Inhibition of the complement membrane attack complex by Schistosoma mansoni paramyosin

Abstract

Larvae and adults of the parasitic blood fluke Schistosoma mansoni are resistant to killing by human complement. An earlier search by Parizade et al. for a schistosome complement inhibitor identified a 94-kDa surface protein which was named SCIP-1 (M. Parizade, R. Arnon, P. J. Lachmann, and Z. Fishelson, J. Exp. Med. 179:1625-1636, 1994). Following partial purification and analysis by mass spectrometry, we have determined SCIP-1 to be a surface-exposed form of the muscle protein paramyosin. As shown by immunofluorescence, anti-paramyosin antibodies label the surface of live schistosomula and adult worms.

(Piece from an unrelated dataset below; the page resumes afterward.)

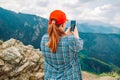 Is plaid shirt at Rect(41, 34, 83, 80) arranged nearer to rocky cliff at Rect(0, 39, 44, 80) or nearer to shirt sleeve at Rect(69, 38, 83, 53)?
shirt sleeve at Rect(69, 38, 83, 53)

Like SCIP-1, purified native paramyosin reacts with a polyclonal rabbit anti-human CD59 antiserum, as shown by Western blot analysis. Also, the human complement components C8 and C9 bind to recombinant and native paramyosin. Analysis of paramyosin binding to fragments of C9 generated by thrombin or trypsin has demonstrated that paramyosin binds to C9 at a position located between Gly245 and Arg391. Paramyosin inhibited Zn(2+)-induced C9 polymerization and poly-C9 deposition onto rabbit erythrocytes (E(R)). In addition, paramyosin inhibited lysis of E(R) and of sensitized sheep erythrocytes by human complement. Finally, anti-paramyosin antibodies enhanced in vitro killing of schistosomula by normal and C4-depleted human complement. Taken together, these findings suggest that an exogenous form of S. mansoni paramyosin inhibits activation of the terminal pathway of complement and thus has an important immunomodulatory role in schistosomiasis.

FIG. 1.

Binding of anti-CD59 antibody (1:300) to paramyosin (Pmy). (Lanes a to c) NPRM from schistosomula or affinity purified protein were subjected to SDS-8% PAGE and transferred onto a nitrocellulose membrane. After blocking with a 5% milk solution in TBST for 1 h at room temperature, the membrane was treated with rabbit anti-CD59 antibody or normal rabbit serum (NRS) (1:300) and then washed and treated with peroxidase-conjugated goat anti-rabbit IgG as a second antibody (1:5,000). Bands were developed by enhanced chemiluminescence. Lane a, NPRM of schistosomula; lane b, effluent of affinity column; lane c, eluate of affinity column; lane d, SCIP-1 (arrowhead) eluted from DEAE-cellulose (peak tube) was subjected to SDS-PAGE and the gel was stained with Coomassie blue; lane m, stained molecular mass markers (200, 120, 97, and 67 kDa).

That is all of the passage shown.